Armes Deutschland. Hier gehören heute 10% der Bevölkerung ca. 90% des Reichtums. Die Menge der Menschen, denen ein Leben in Armut, vor allem Alters- aber auch Kinderarmut droht, steigt beständig. Und wem gilt die Empörung? Nicht den gewählten Volksvertretern, die eine Gesetzeslage schaffen, um die Reichen zu schützen, sondern den Menschen, die aus dem zutiefst menschlichen Bedürfnis nach existentieller Sicherheit ihre Heimat verlassen.
Als vor ein paar hundert Jahren aus ganz Europa die Menschen aufbrachen, um in der „neuen Welt“ (Amerika) ihr Glück zu suchen, da galten diese als Abenteurer und Menschen, die uns vorangebracht haben. Und zwar noch weit bevor die Emigration durch die politische Verfolgung ab 1933 seinen Lauf nahm: Levi Strauss – „DIE Jeans“, die berühmteste Hose der Welt, Flugzeuge von Boeing, Marcus Goldmann von Goldman und Sachs – alles Menschen, die vor den Zuständen in der alten Welt geflohen sind.
Ich stelle mir gerade vor, wie es aussähe, wenn all jene Menschen, die die „Wirtschaftsflüchtlinge“ ablehnen, ihre Jeans ausziehen müssten. Kein schöner Anblick, die frierenden Ärsche – aber ich würde deutlich früher nach Hause kommen.
Ich lese die Gedanken des 93 Jährigen Autors und bin fasziniert von deren Aktualität. „Sartre hat uns gelehrt, uns selbst zu sagen: Ihr seid als Individuum verantwortlich.“ Das war eine befreiende Botschaft. Die menschliche Verantwortung, die sich weder einer Macht noch einem Gott zu unterwerfen hat. Im Gegenteil, man muss sich im Namen seiner Persönlichkeit verantworten.“
Wie oft erlebe ich in Führungskräftetraining oder Auswahlverfahren, dass die Teilnehmer sich nur als „kleines Rädchen“ wahrnehmen und erst mühsam wieder lernen müssen, dass keine Organisation der Welt sie von der eigenen Verantwortung befreien kann. Und so, wie die Menschen zwar ein kleines, aber immer noch Rad mit Verantwortung im und für das System ihres Jobs sind, sind sie es auch in der und für die Welt. Verantwortung für sich und seine Welt tritt man weder ab, noch lässt man sie mit vermeintlich demokratischen Füßen treten.

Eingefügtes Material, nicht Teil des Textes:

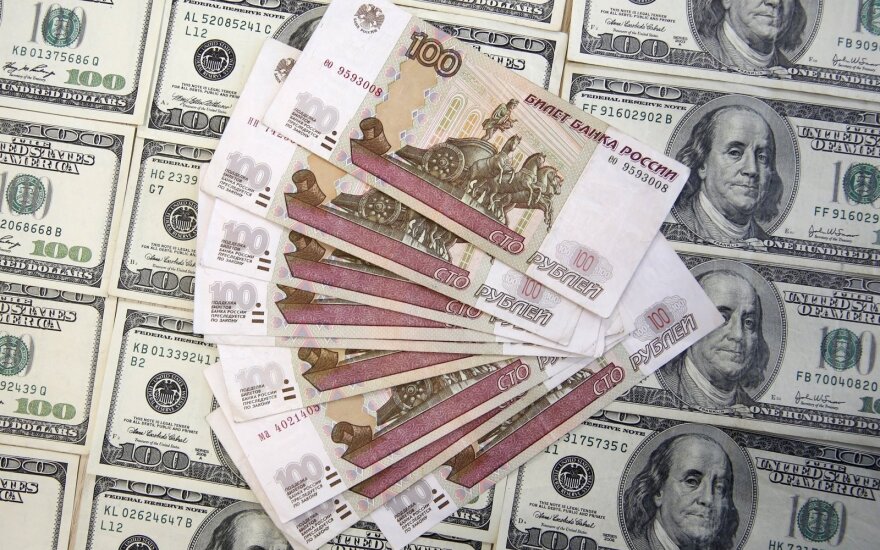 Основной причиной семейных ссор в России стала нехватка денег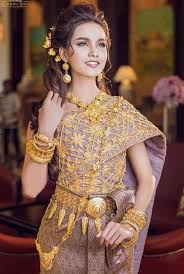Khmer Traditional Costume Traditional Outfits Cambodian Dress Cambodian Wedding Dress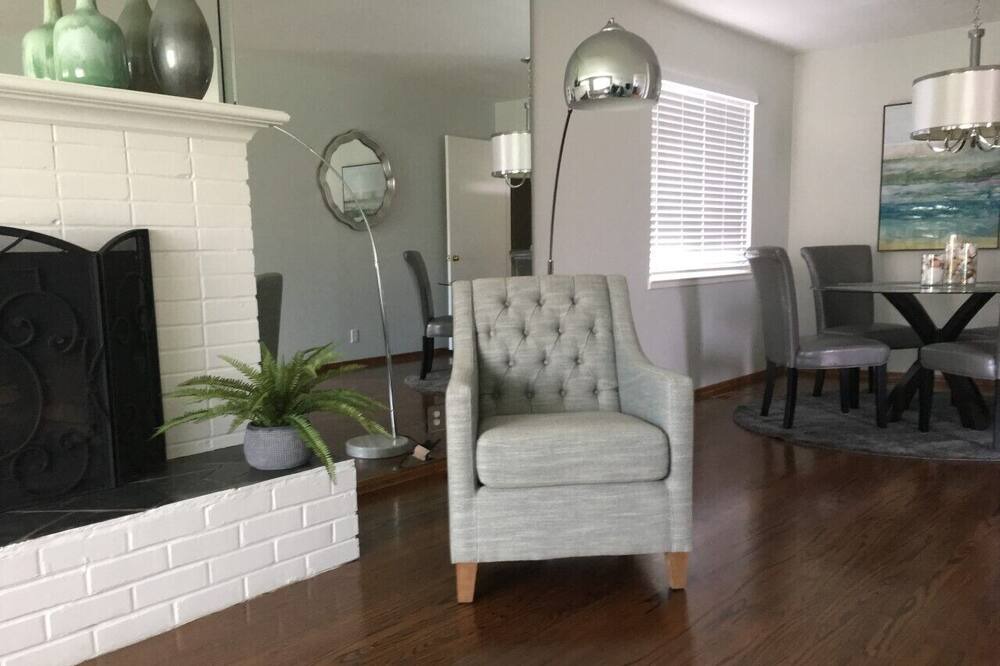 Photo of Livingroom in Downtown Burlingame
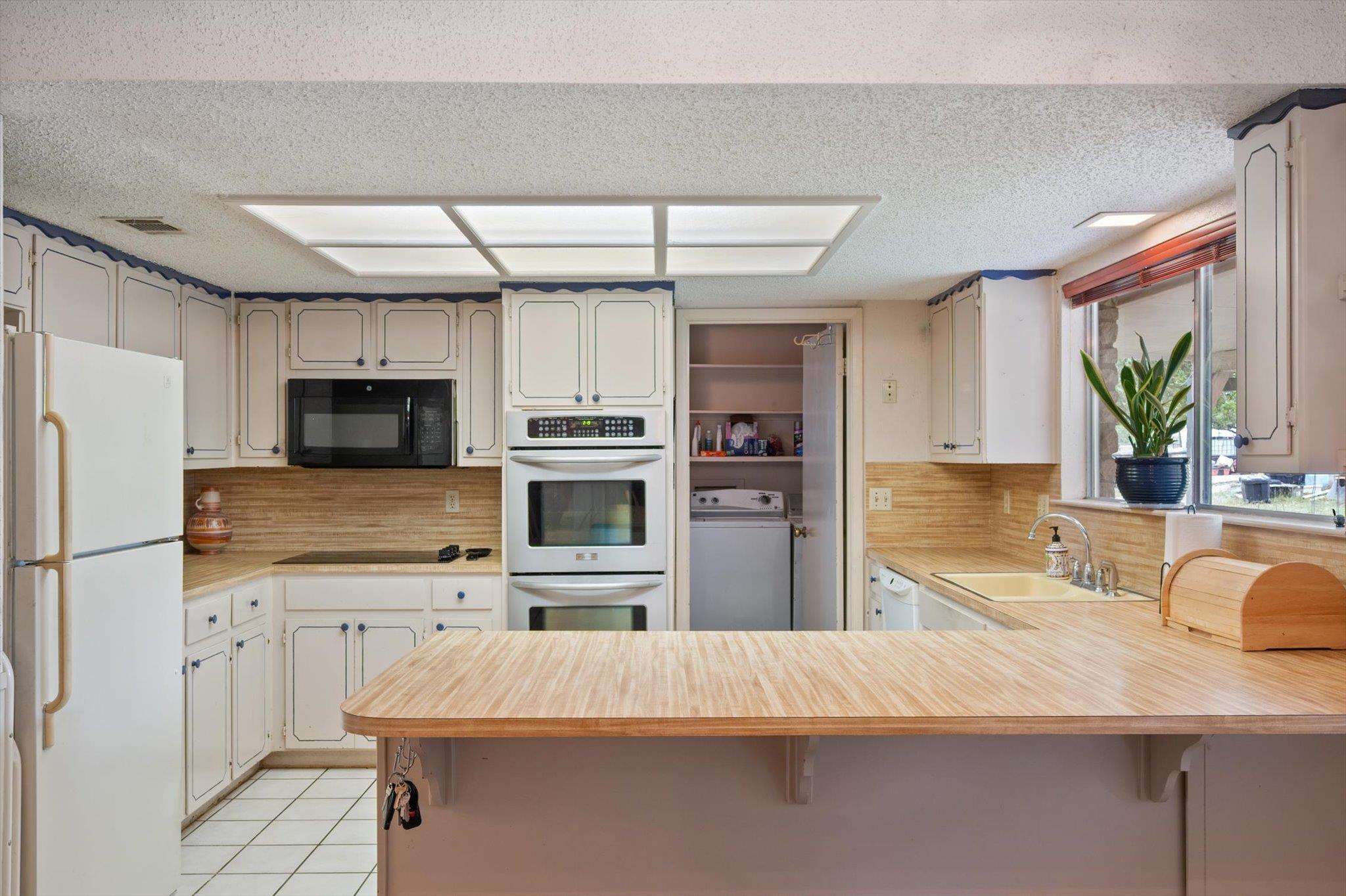 8 VALLEY CREEK Rd, Round Rock, TX 78664
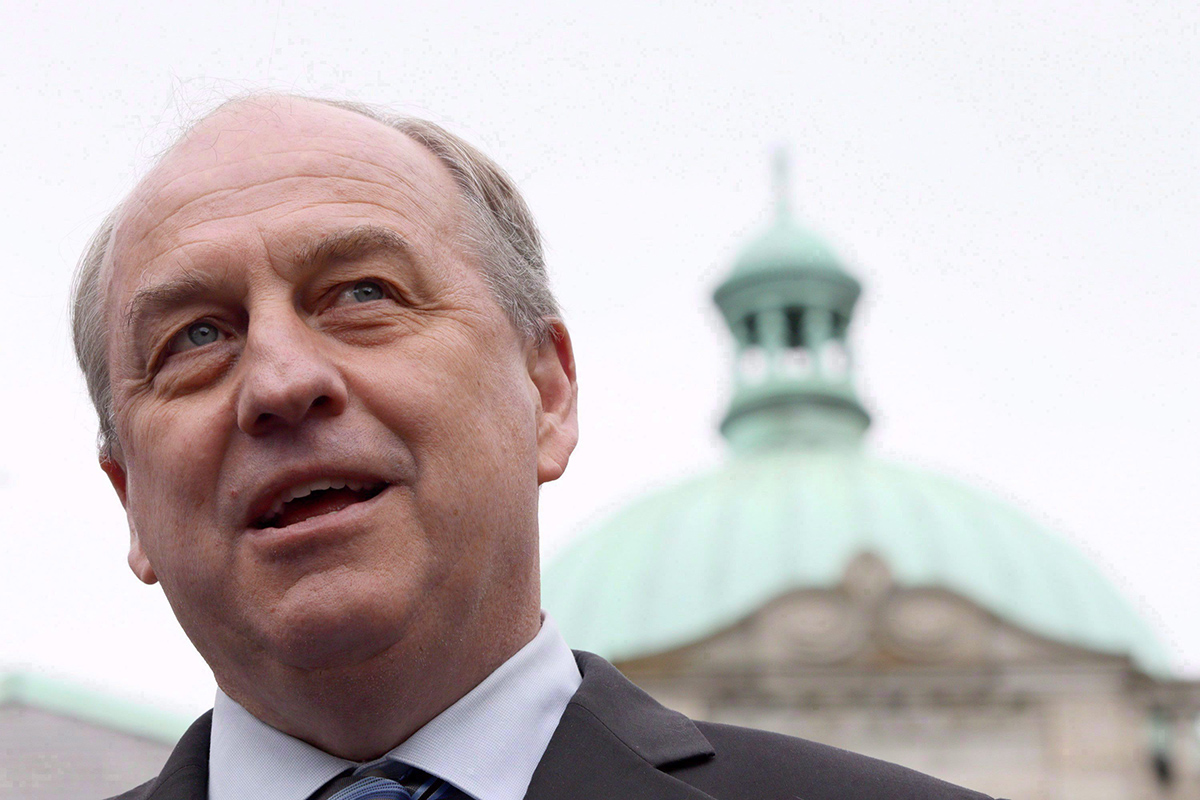 B.C. Green party leader Andrew Weaver speaks to media in the rose garden on the Legislature grounds in Victoria, B.C., on May 10, 2017. Weaver says he’s very close to making a deal with either the Liberals and the New Democrats on forming a new minority government in British Columbia.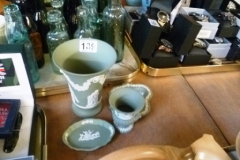 189-Green-Wedgwood-Vases-and-Pin-Tray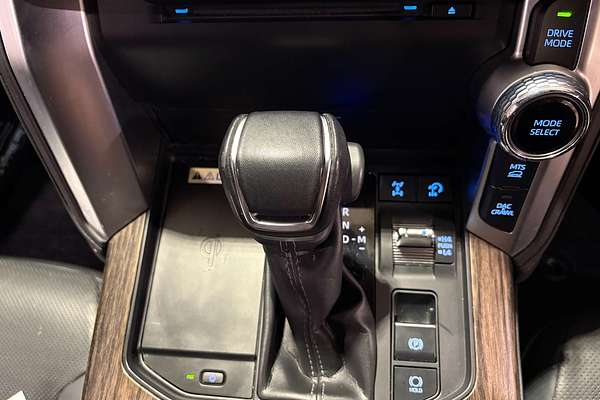 2022 Toyota Landcruiser VX FJA300R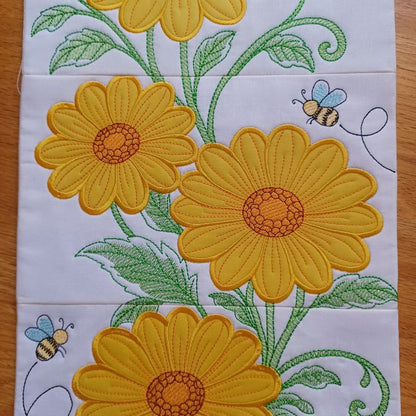 EW515 - ITH Daisy App Table Runner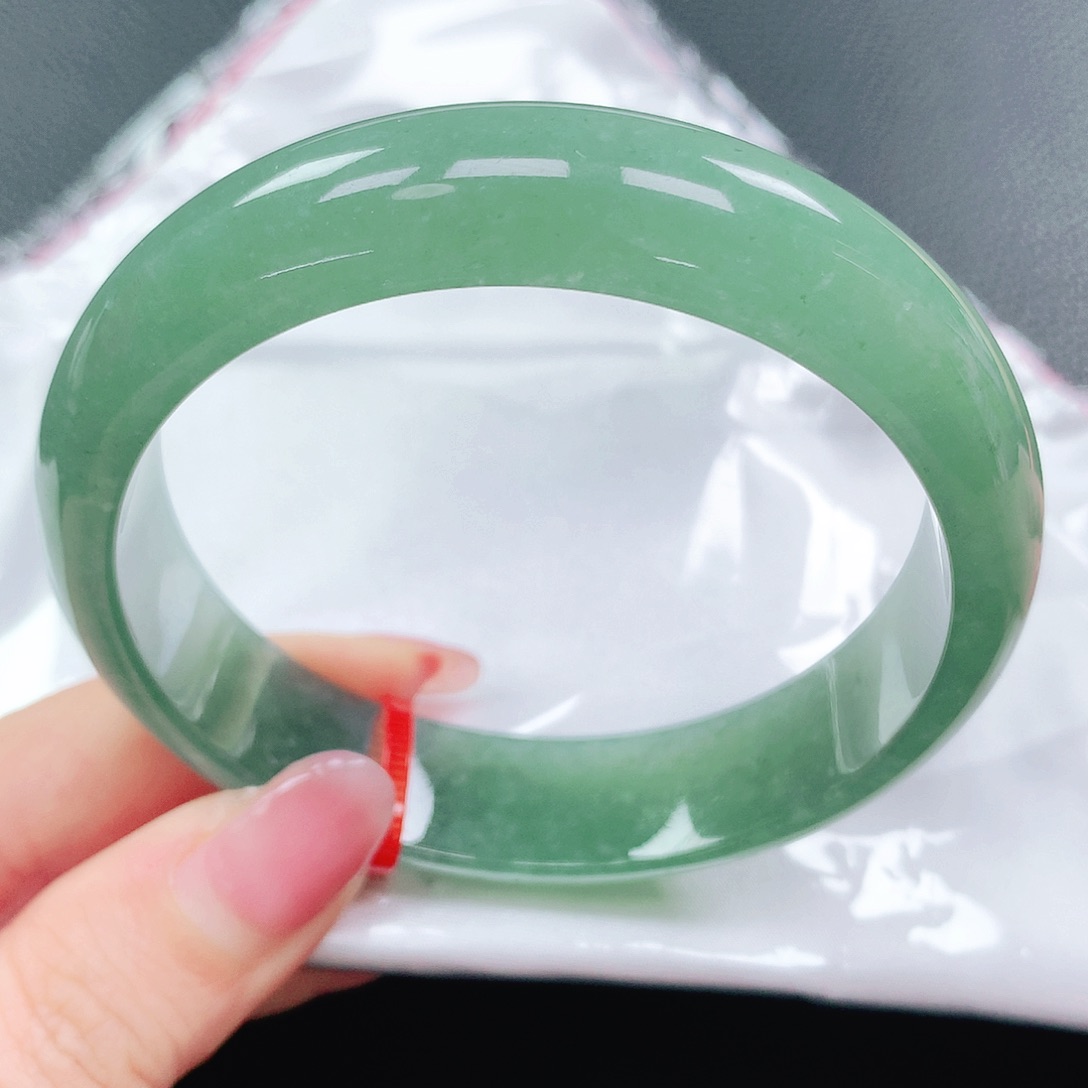 翡翠手镯未镶嵌59圈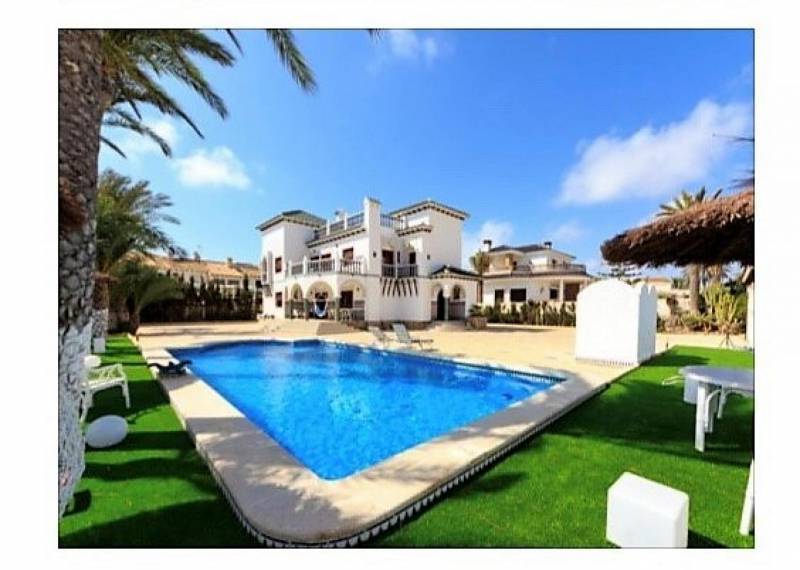 Villa - Resales - La Zenia - La Zenia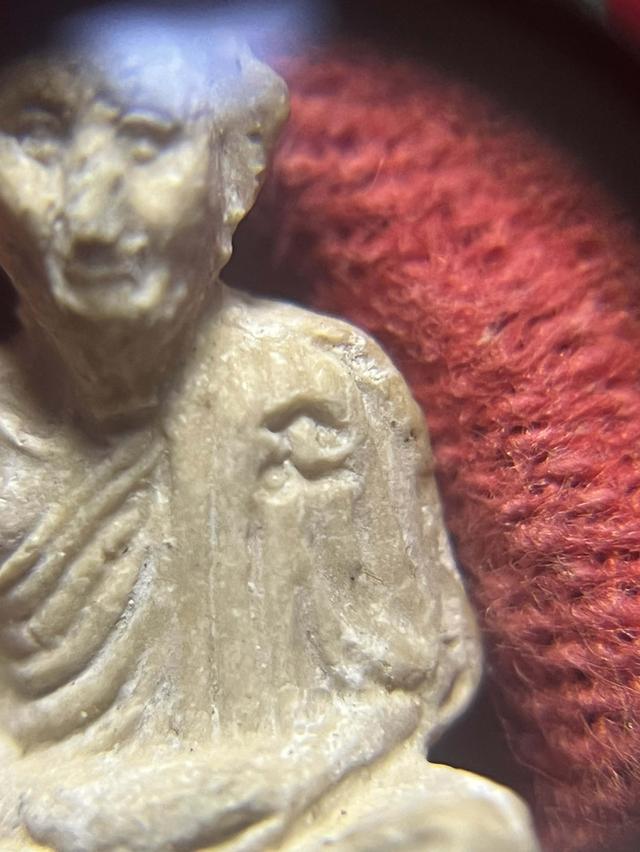 พระผงลอยองค์ หลวงพ่อเกษม เขมโกปี 31 พร้อมกล่อง 6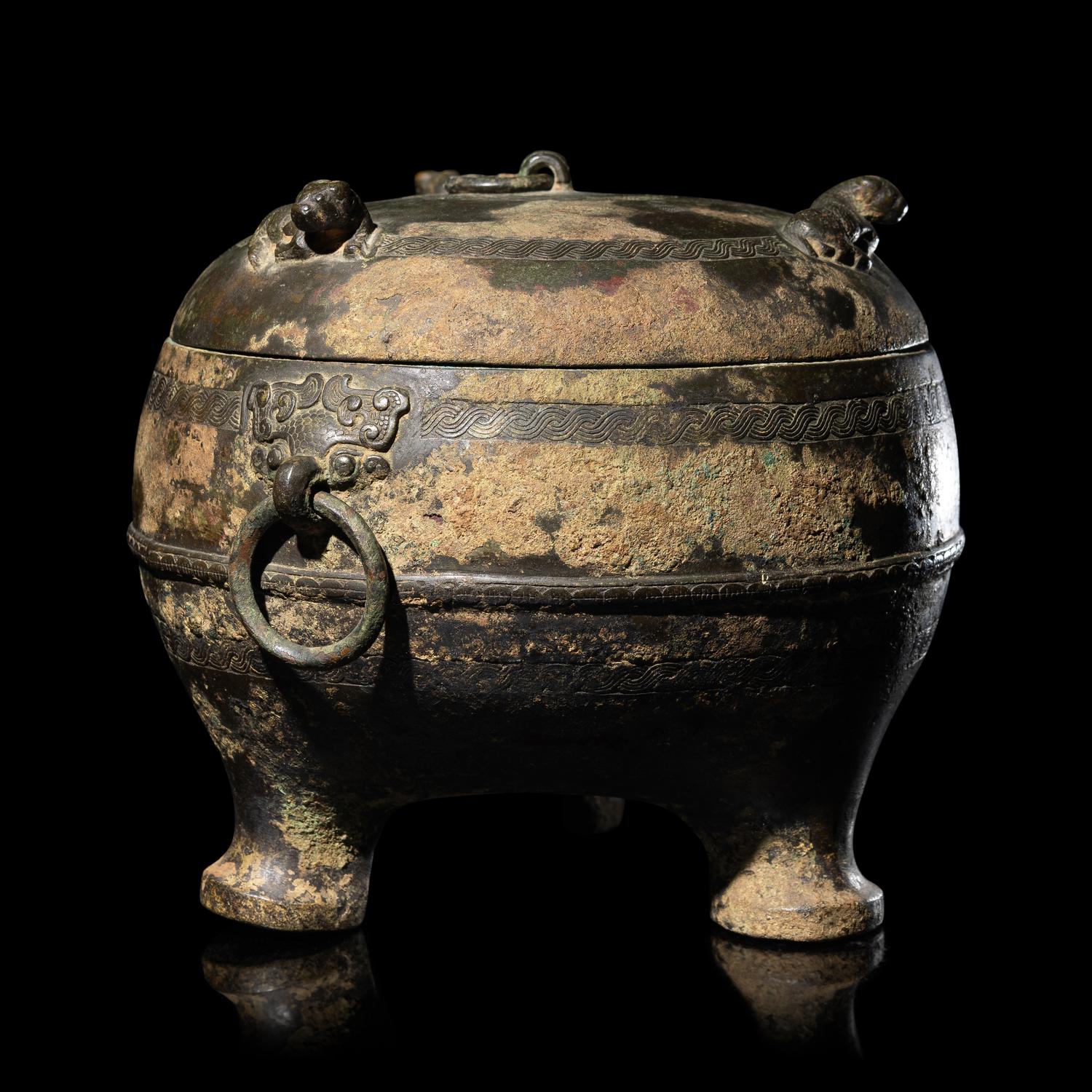 A Chinese Archaic Bronze Covered Tripod Vessel, Dun, Spring and Autumn Period 春秋 青銅敦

Und wie weit der Weg zurück zur eigenen Verantwortung für viele der Teilnehmenden dann immer wieder ist, zeigen die Gespräche, die ich oft Monate später mit ihnen führe, um zu fragen: „Was ist vom Training geblieben?“, „Was empört dich, was dich noch vorher hätte resignieren lassen?“.
Während sich vor mir die Autokolonne langsam auflöst, fahre ich auf den nahegelegenen Parkplatz, das kleine Buch zu Ende lesen. Dabei bleibe ich an einem besonderen Abschnitt immer wieder mit den eigenen Gedanken hängen. „Die schlimmste Haltung ist die Gleichgültigkeit, die bedeutet: Ich kann nichts dafür, ich komme schon klar. Mit einem solchen Verhalten verliert ihr einen unverzichtbaren Bestandteil der Menschlichkeit.“
Und während ich darüber sinniere, wie oft mir meine mangelnde Gleichgültigkeit schon Ärger eingebracht hat, greife ich zum Telefon und sage zu Hause Bescheid, dass ich später komme. Ich muss mich erst noch gemeinsam mit tausend Anderen in der Stadt gegen jene empören, die andere Ausgrenzen. Ich schließe mich dem Autor an „zu einem friedlichen Aufstand gegen den Missbrauch der Massenkommunikationsmittel und der Verführung unserer Jugend zum Massenkonsum, der Verachtung der Schwächsten und der Kultur, der kollektiven Amnesie sowie der maßlosen Konkurrenz – Jeder gegen Jeden“.
Ich komme spät nach haus. Empört und stolz auf mich.